Dato' Sri Lee Ee Hoe, JP (; born 5 July 1964), also known as Leesan, is the first recipient in the tourism industry worldwide to be bestowed the Imperial Decoration Order of the Rising Sun, Gold and Silver Rays by the Emperor of Japan in 2015. This is in recognition of his longstanding contributions in the development and promotion of tourism between Japan and Malaysia, as well as his bold move to lead the first tour to Japan soon after Japan's devastating tsunami and earthquake in 2011.

On 28 Dec 2020, Lee was awarded the Miri Mayor Special Award in recognition for his contributions and support towards Sarawak’s tourism during the Covid-19 pandemic.  

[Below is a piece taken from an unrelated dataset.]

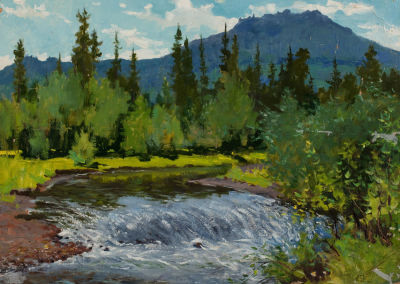 Нестеров Иван Наумович (1922-2003) &laquo;Лесная река&raquo; 58х81 см, 1960-е гг. Картон, масло.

On 17 July 2015, he launched his first book at the Hong Kong Book Fair about his travel experiences and his perspective of the world.

On 12 July 2021, he launched his second travel book in Kuala Lumpur, Malaysia.

As of February 2023, Lee has traveled to 136 countries and is a member of Traveler's Century Club located in California, United States.

Early life and education 
Lee was born in Yong Peng, Johor. His interest in travel and sharing travel information started at a  young age. In school, he and his friend and future business partner, planned scouting trips for their school troops. After secondary school, he became a licensed tourist guide in Malaysia. He continued his tertiary education in Japan and graduated with a Bachelor of Arts in Economics from Tokyo International University. After graduating, he returned to Malaysia with experience in the Japanese tour industry and set up a travel agency, Apple Vacations Sdn Bhd in 1996.

Business career 
Lee is the co-founder and Group Executive Chairman of Apple Vacations Sdn Bhd (Formerly known as Apple Vacations & Conventions Sdn Bhd), the first overseas travel agency to receive the "Japan Tourism Agency Commissioner’s Commendation Award". Apple Vacations also introduced Malaysia Airlines' first charter flight to Hokkaido in 2010. He is the Lifetime Overseas Advisor of Taiwanese Leisure Farming Development Association since 2009.

He is also best known for his work in the tourism industry and is an active columnist for newspapers, magazines and other publications.

As of July 2021, he has authored 5 travel books.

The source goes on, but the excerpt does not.